I’ve been pretty much consumed with The LA County Fair, basically my biggest client of the year, especially in terms of scale. After photographing the first two full days of the Fair, I was reminded once again just how exhausting it is. And the number of photos I have to process from each day at work is daunting. Thankfully, I’m pretty adept at editing and processing large batches of shots.
It’s not all work. I decided to also attend the Fair as a guest with some friends and family. I couldn’t resist a Dole Whip.
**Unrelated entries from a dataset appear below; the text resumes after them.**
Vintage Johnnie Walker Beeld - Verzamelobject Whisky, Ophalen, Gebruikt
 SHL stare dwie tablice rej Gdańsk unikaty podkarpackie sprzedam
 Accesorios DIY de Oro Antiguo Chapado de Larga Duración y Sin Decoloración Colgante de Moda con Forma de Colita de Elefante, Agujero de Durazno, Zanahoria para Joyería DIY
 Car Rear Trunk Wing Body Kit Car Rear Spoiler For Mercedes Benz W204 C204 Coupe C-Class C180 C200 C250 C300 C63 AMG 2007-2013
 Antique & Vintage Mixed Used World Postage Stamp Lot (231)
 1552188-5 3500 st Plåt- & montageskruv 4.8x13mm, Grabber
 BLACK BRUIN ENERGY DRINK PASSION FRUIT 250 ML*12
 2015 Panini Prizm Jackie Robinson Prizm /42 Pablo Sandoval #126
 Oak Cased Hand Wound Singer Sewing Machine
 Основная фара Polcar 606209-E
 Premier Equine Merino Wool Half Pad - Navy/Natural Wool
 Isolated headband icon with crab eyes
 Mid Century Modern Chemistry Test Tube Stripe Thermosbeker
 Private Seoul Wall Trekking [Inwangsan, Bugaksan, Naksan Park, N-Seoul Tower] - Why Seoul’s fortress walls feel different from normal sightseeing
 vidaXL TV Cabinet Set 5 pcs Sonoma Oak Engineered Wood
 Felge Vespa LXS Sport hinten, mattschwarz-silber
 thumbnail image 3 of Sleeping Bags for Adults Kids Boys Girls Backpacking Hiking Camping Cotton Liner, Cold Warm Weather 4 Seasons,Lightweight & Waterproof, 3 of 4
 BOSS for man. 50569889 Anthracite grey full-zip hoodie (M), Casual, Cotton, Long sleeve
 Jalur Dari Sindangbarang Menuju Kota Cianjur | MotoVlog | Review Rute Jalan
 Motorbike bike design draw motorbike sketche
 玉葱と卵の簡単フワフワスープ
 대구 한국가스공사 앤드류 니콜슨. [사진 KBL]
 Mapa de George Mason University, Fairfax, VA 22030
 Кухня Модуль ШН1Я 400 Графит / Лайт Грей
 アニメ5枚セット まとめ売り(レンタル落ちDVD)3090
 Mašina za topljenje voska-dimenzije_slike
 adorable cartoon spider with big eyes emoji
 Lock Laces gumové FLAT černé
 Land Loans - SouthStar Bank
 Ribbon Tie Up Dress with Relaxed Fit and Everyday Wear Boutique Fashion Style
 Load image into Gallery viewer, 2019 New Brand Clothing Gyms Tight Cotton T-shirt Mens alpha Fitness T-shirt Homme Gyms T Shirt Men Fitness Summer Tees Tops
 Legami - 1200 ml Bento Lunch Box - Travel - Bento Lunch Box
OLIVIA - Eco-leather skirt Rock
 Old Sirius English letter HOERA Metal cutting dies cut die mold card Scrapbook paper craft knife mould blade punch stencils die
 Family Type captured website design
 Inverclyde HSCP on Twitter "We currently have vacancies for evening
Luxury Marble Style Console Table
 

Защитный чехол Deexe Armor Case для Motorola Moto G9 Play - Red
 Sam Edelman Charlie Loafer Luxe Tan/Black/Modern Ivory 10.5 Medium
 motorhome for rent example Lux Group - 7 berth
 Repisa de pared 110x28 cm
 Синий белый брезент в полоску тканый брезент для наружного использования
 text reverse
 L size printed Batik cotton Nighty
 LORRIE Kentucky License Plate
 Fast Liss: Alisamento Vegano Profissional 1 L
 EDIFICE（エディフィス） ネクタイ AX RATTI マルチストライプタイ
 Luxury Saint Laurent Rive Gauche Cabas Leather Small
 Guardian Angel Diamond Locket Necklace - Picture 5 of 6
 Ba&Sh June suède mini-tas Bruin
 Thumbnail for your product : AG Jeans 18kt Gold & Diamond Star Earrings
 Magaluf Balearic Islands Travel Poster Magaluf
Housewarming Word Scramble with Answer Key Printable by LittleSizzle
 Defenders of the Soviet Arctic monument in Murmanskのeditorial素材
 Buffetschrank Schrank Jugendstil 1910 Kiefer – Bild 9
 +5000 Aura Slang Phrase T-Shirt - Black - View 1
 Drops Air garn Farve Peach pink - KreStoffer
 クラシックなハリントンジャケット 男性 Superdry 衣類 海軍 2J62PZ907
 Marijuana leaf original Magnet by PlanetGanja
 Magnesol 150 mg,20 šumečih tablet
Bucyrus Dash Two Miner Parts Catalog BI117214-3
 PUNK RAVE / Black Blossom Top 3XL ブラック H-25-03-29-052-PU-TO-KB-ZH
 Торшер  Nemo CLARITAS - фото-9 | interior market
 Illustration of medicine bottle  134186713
It took me several days to recover from these shoot days. Having worked events for several years now, I basically can keep going and going. I have to make myself stop. I did manage to get out and do my favorite hobby of visiting thrift stores in my area. That’s just about as exciting as my week got. The way things are going, it’ll be a few more weeks or months before I’m able to show some of the work I’ve done for the Fair.
Took the opportunity to escape to the desert house out on the Colorado River for a few days. It’s already hot enough in Parker, Arizona, to feel like summer. I wanted to relax a bit before the actual summer activities of the area begin–mainly boating, beaching, and day-drinking in the scorching hot sun. The area becomes a family vacationers and swimsuit-clad party animals looking to get tanked. I like to escape to the quiet.
We’ve been a part of this little desert community now since the early 1990s, when my grandparents bought what eventually would become their post-retirement home. When I was a kid, it felt like we were being dragged out there. The weather on the weekends we’d go out there would be unbelievably hot and my grandparents wouldn’t allow me and my siblings to watch TV. We were, of course, instantly bored and saved only by the prospect of going down to the water to go swimming. As an adult, I appreciate the little family house we have here much much more. It is both a refuge and a gathering place for raucous family gatherings.
My mini-cation was short-lived, as I had to book it home to start my month-long engagement with the LA County Fair. This is my second time with the Fair, though I’ve done many events with the Pomona Fairplex since. It’s one of my favorite events of the year, and I feel privileged to be one of three photographers on staff for the month. The fairgrounds covers whopping 487 acres, making it the largest county fair in the nation. What I remember the most is feeling like this was an endless visual feast, quite literally sensory overload. I grew up going to this Fair, and somehow I still wasn’t prepared for the amount of stimulation. Thankfully, we started out with a Fair food preview day to ease into the experience.
Once the food preview was over, we headed into the first Fair weekend. What’s amazing is that this massive event is created and organized by a rather small office of staff. And of course, there’s a practical army of food and shopping vendors, sanitation staff, volunteers, security, artists, and many, many, more. I can’t show much of what I’m photographing here out of respect to my contract. After clocking in about 17,000 steps on my first day back, I am reminded that for some reason I really enjoy working these gigantic events.